Small angle X-ray scattering (SAXS) spectra of 0.5 wt % aqueous solutions of EEVV and VVEE. The scattering profile of EEVV nanofibers can be fit into a form factor model calculated for flexible cylinders with a polydisperse radius.

We envision that the intertwined nanofibers in EEVV originate from the structure of the protofilaments (early stage 1D assemblies) that expose the hydrophobic valines to water. Presumably, EEVV also prefers to form a core–shell cylindrical morphology (Figure 5D) as a result of its amphiphilic nature. The tendency to minimize the exposure of hydrophobic valine surfaces to water leads to the association, or fusion of these protofilaments. As a consequence, formation of these fused and interweaved nanofibers significantly increases the solution viscosity. In fact, a self-supporting hydrogel was observed at 1 wt % EEVV aqueous solution in the absence of any salts. Rheology measurements show that the storage modulus could reach up to 200 Pa (Figure S4), in contrast to the nanofibers of VVEE that could form robust gels only when CaCl2 is added. The entanglement mechanism in the EEVV nanofiber network perhaps provides an interesting means for constructing robust hydrogels, and the resultant materials may offer a useful matrix for cell culture since their gelation process does not require the addition of multivalent counterions.[62]

RGD Incorporation

In order to explore the potential biological applications of these 1D nanostructures, we incorporated the Arg-Gly-Asp (RGD) peptide sequence into the molecular design to enhance their interactions with cells.[25,63] Importantly, we found that these nanostructures are able to maintain their shapes even with the extended RGD sequence.
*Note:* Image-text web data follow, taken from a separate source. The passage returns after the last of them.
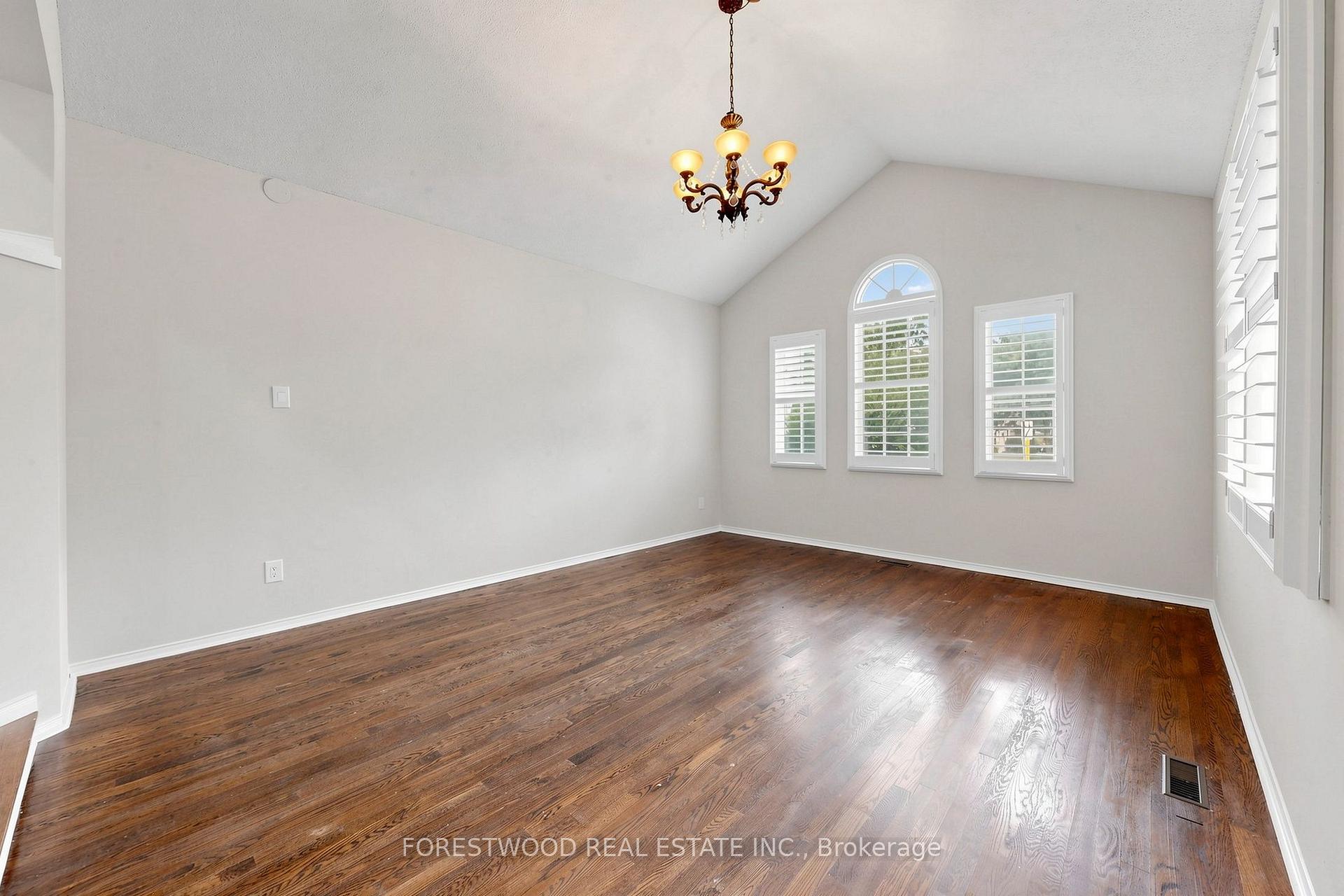Photo 6 of 4616 Inverness Boulevard, Mississauga, East Credit — HOMEH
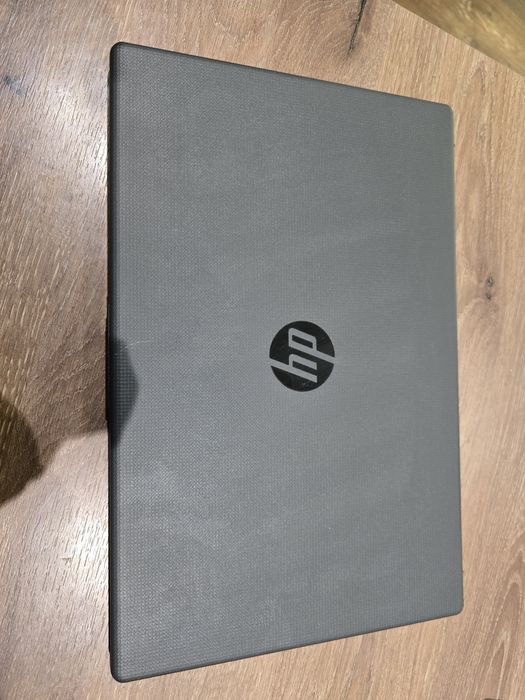 Лаптоп HP 15 F-D0006NU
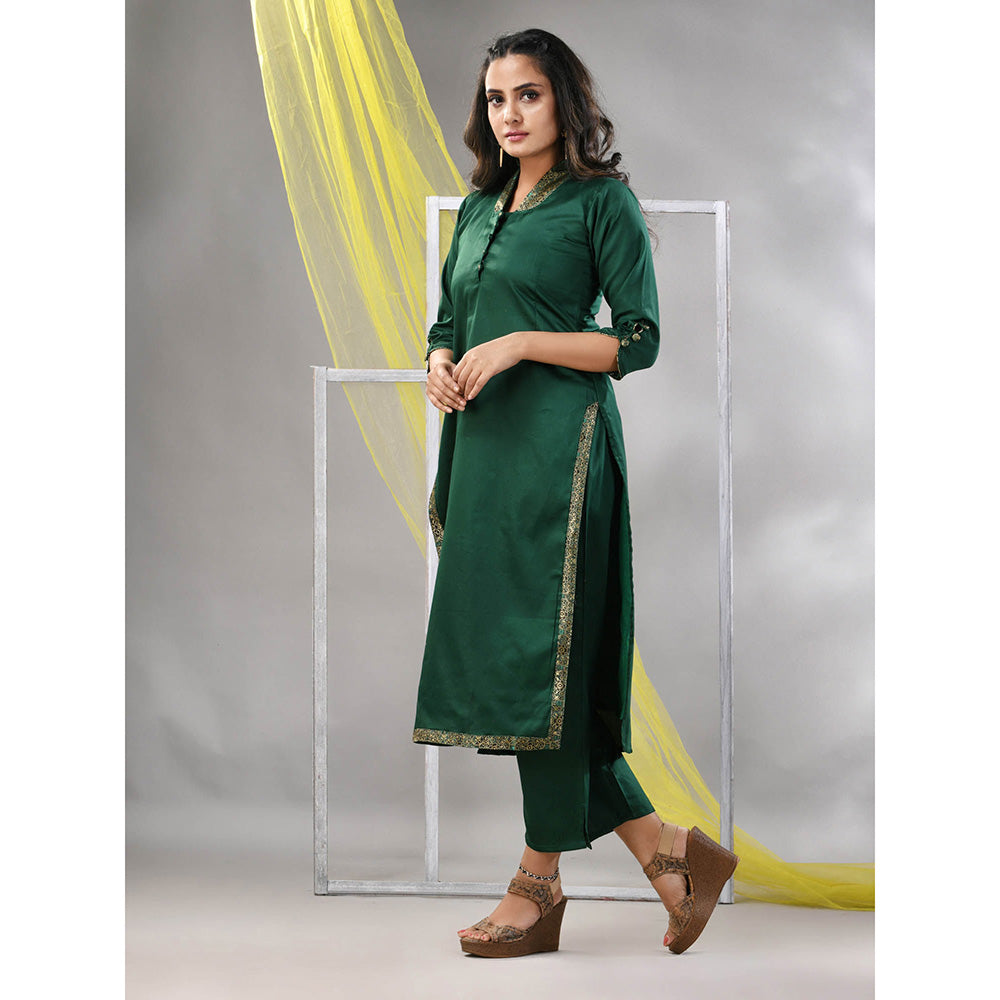 CHARUKRITI Green Satin Solid Straight Kurta with Pant (Set of 2)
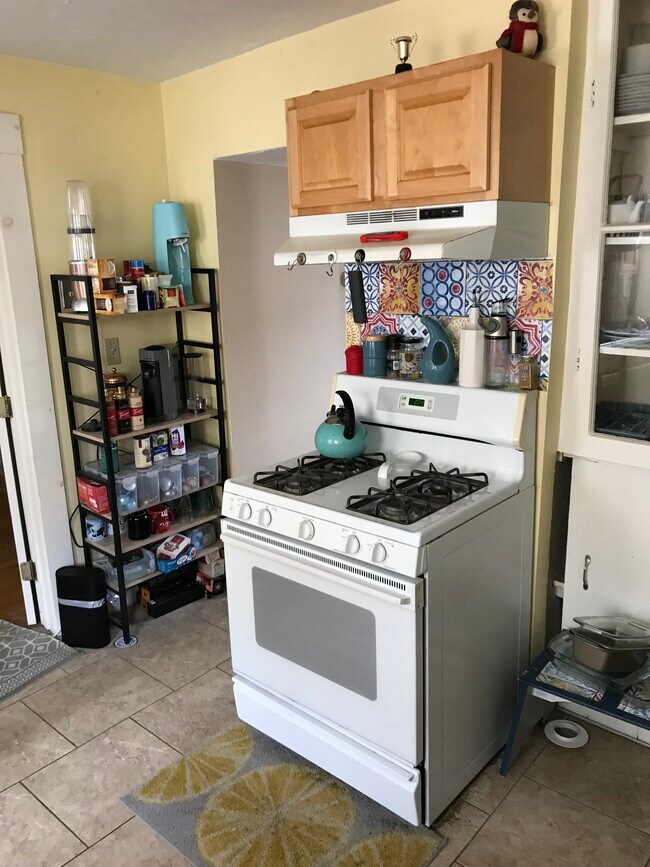 Building Photo - 387 Cambridge St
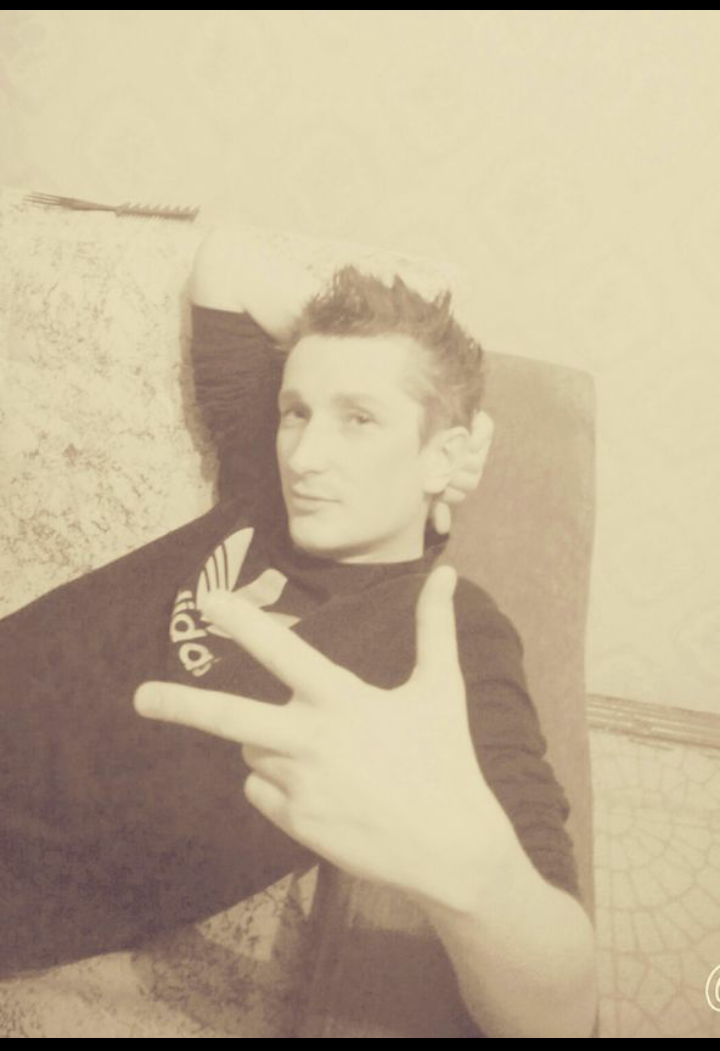 Макс Марозов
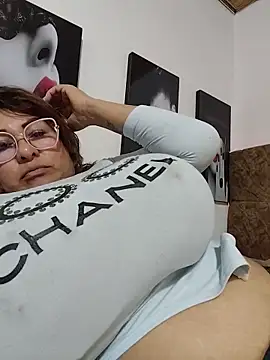 แชท XXX สดของ AlexxiaaMat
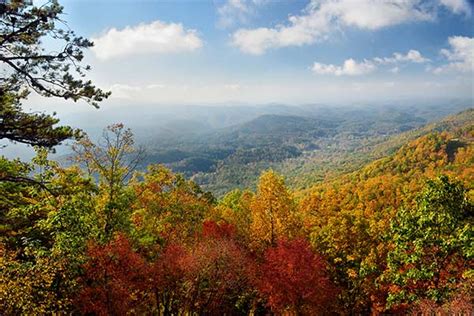 Smoky Mountains Fall Foliage and Weather Forecast [2021] | Visiting the ...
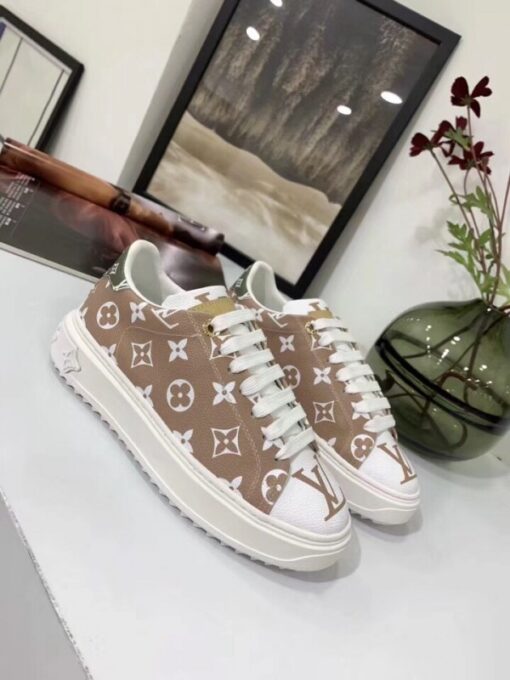 Replica Louis Vuitton Blanc/Moka Time Out Sneaker 3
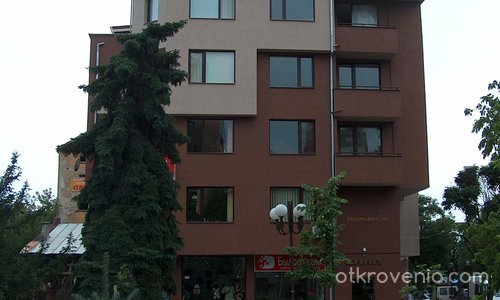 Една добре поддържана градинка и сграда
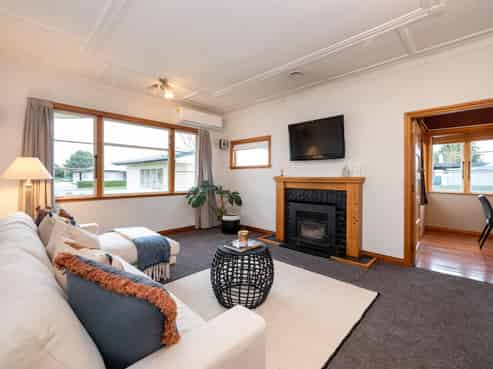 819 Francis Hicks Avenue, Raureka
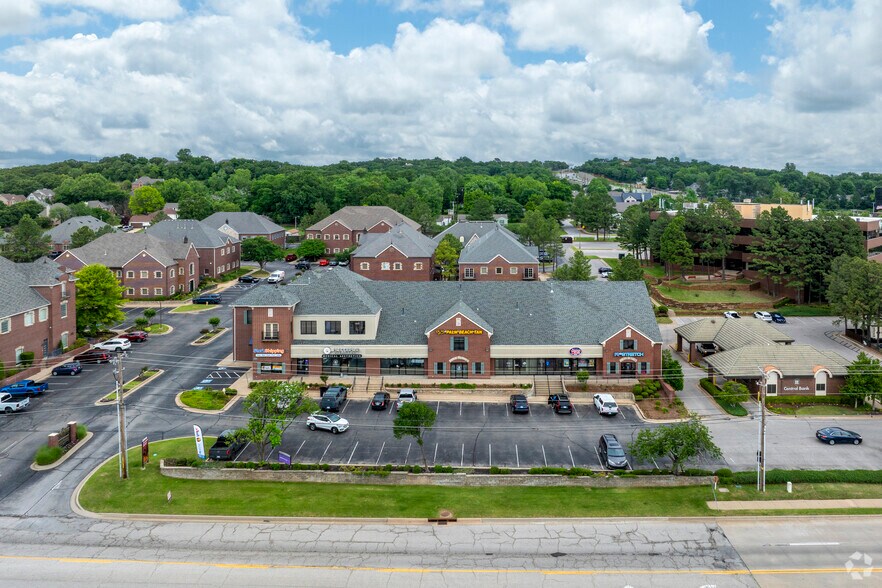 4785 E 91st St, Tulsa, OK for lease - Aerial - Image 3 of 5
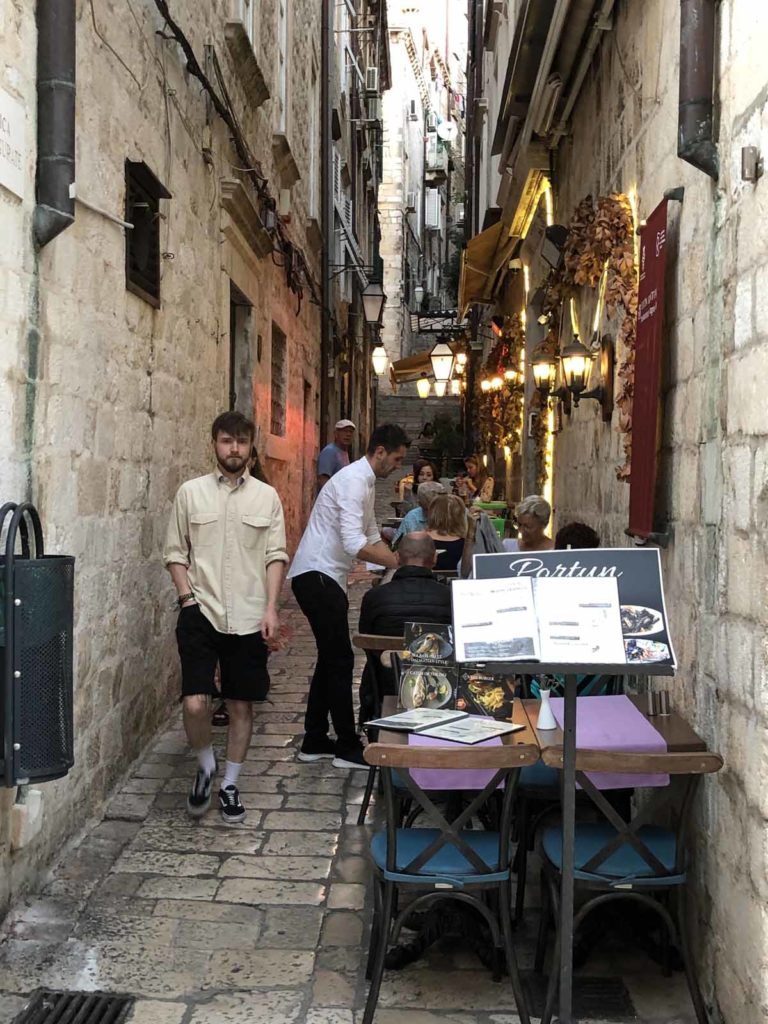 croatia-dubrovnik-outdoor-cafe-in-small-lane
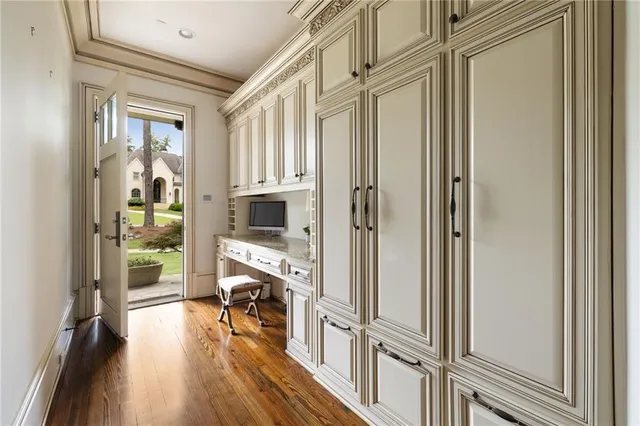 $3,675,000 | 929 Middle Fork Trail, Suwanee, GA 30024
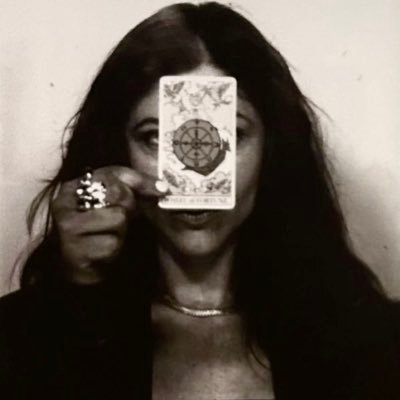 0101101001_'s profile picture. luminary ✷ aesthete ✷ futurist ² ² 𓆃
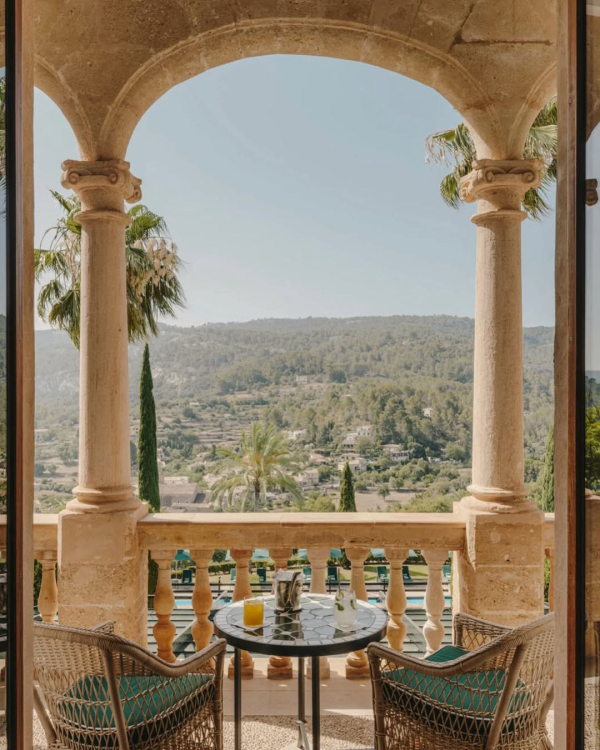 How to Book Wedding Hotel Blocks Your Guests Will Love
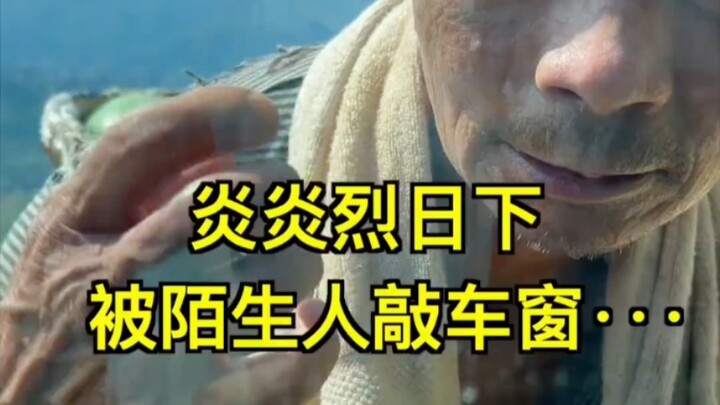 في الطقس الحار، يبيع الجد المانجو بالطريقة التقليدية الأصلية...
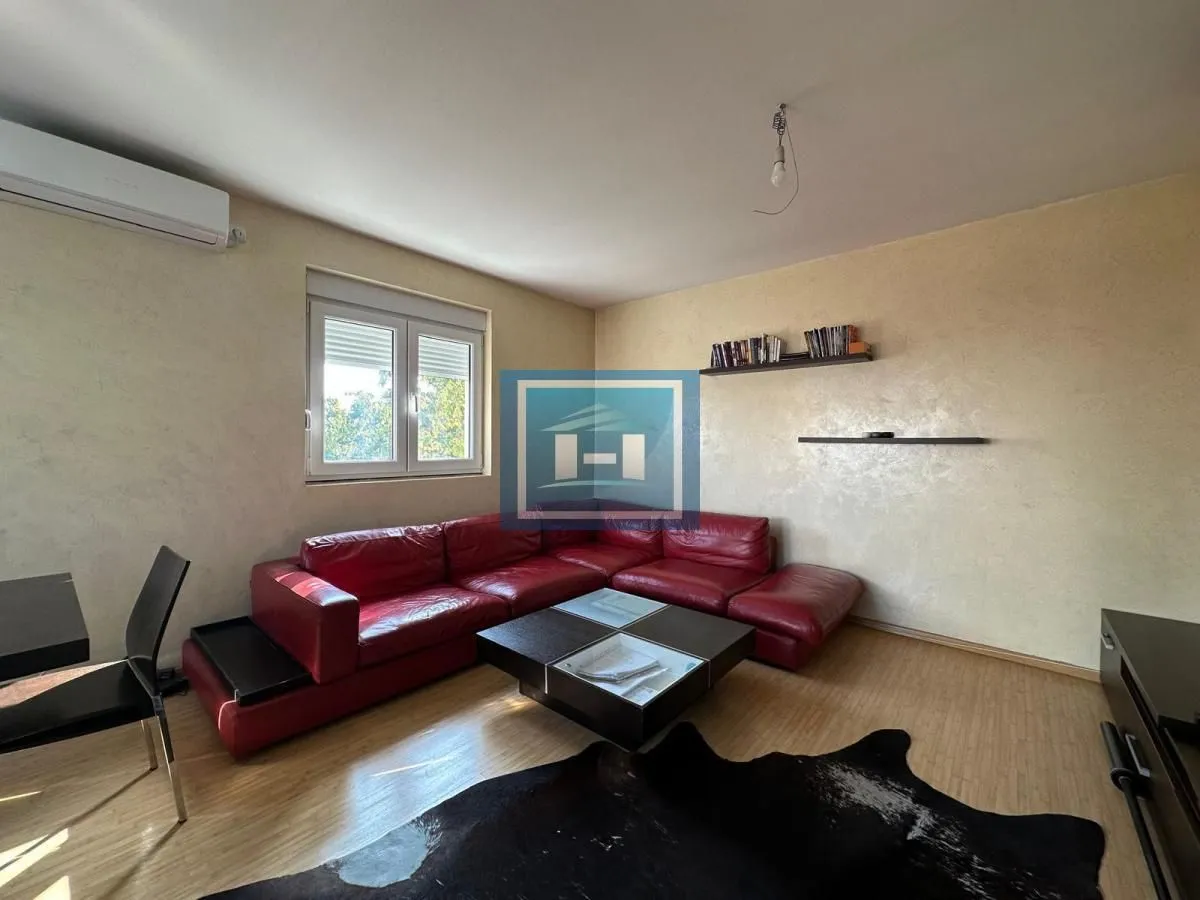 Prodaja, dvosoban stan, 48m², Centar, Paraćin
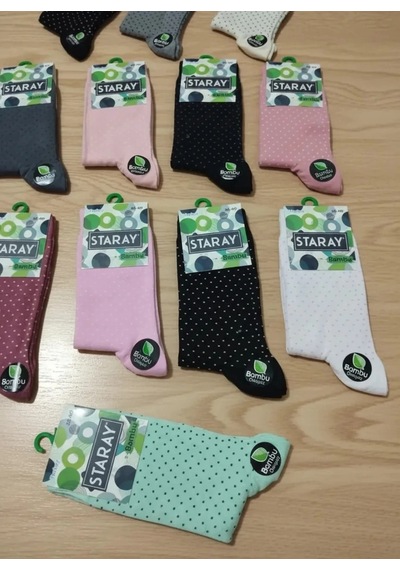 Efemicgiyimstore Bambu Bayan Karışık Renkli Dikişsiz Mevsimlik Uzun Çorap 12'li Paket Çok Renkli Efemicgiyimstore Bambu Bayan Karışık Renkli Dikişsiz Mevsimlik Uzun Çorap 12'li Paket Çok Renkli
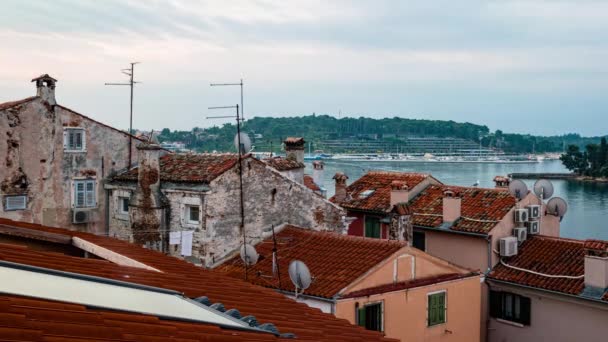 Rovinj クロアチア 2019年10月4日 Time Lapse 午前中のRovinjの屋根 イストリア半島の旧沿岸の町 — ストック動画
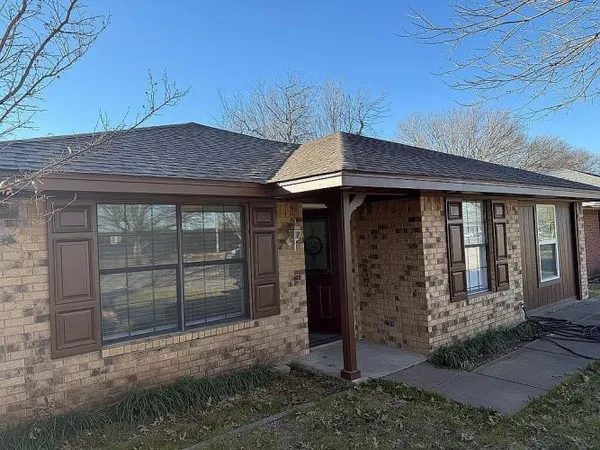$395,000 | 703 South 5th Street, Midlothian, TX 76065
As is shown in Figure 7, the molecule with VEVEGRGD sequence forms twisted ribbons (Figure 7C) that resemble the nanobelt morphology of VEVE, while VVEEGRGD forms cylindrical nanofibers (Figure 7D) similar to the VVEE nanofibers. It is very interesting that the dramatic change in self-assembled structures is solely dictated by switching the positions of two adjacent amino acids in the middle domain of the eight-residue peptide, allowing the architecture of the nanostructures to be varied while still presenting a biological signaling sequence in the terminal domain.

Figure 7

Molecular structure of VEVEGRGD (A) and VVEEGRGD (B); (C) Cryo-TEM image of twisted ribbons of VEVEGRGD at 0.5 wt % aqueous solution and (D) cryo-TEM image of nanofibers of VVEEGRGD at 0.5 wt % aqueous solution. In both cases, the TEM images were taken after 2 weeks of incubation at room temperature.

Conclusions

We have reported on four different types of self-assembled 1D nanostructures resulting from the self-assembly of isomeric tetrapeptide amphiphiles with identical composition but a different sequence of amino acids. Our results clearly demonstrate the significance of side chain interactions in determining the self-assembled supramolecular architectures of small peptides. The observations should encourage more systematic studies on the use of peptide-based constitutional isomers to create supramolecular functional assemblies which may have unique functions given that they are formed by molecules of the same composition. For instance, the bioactive RGD peptide sequence is likely presented with a different packing density on the surfaces of VEVEGRGD and VVEEGRGD assemblies, and this may impact directly cell adhesion behavior. The nanofibers formed by VVEE and EEVV entangle into hydrogels with different mechanical properties, and this could in turn be used to control stem cell differentiation. The ultimate goal is to precisely design the desired biological functions of peptide supramolecular materials through composition and sequence control of their amino acid structural units.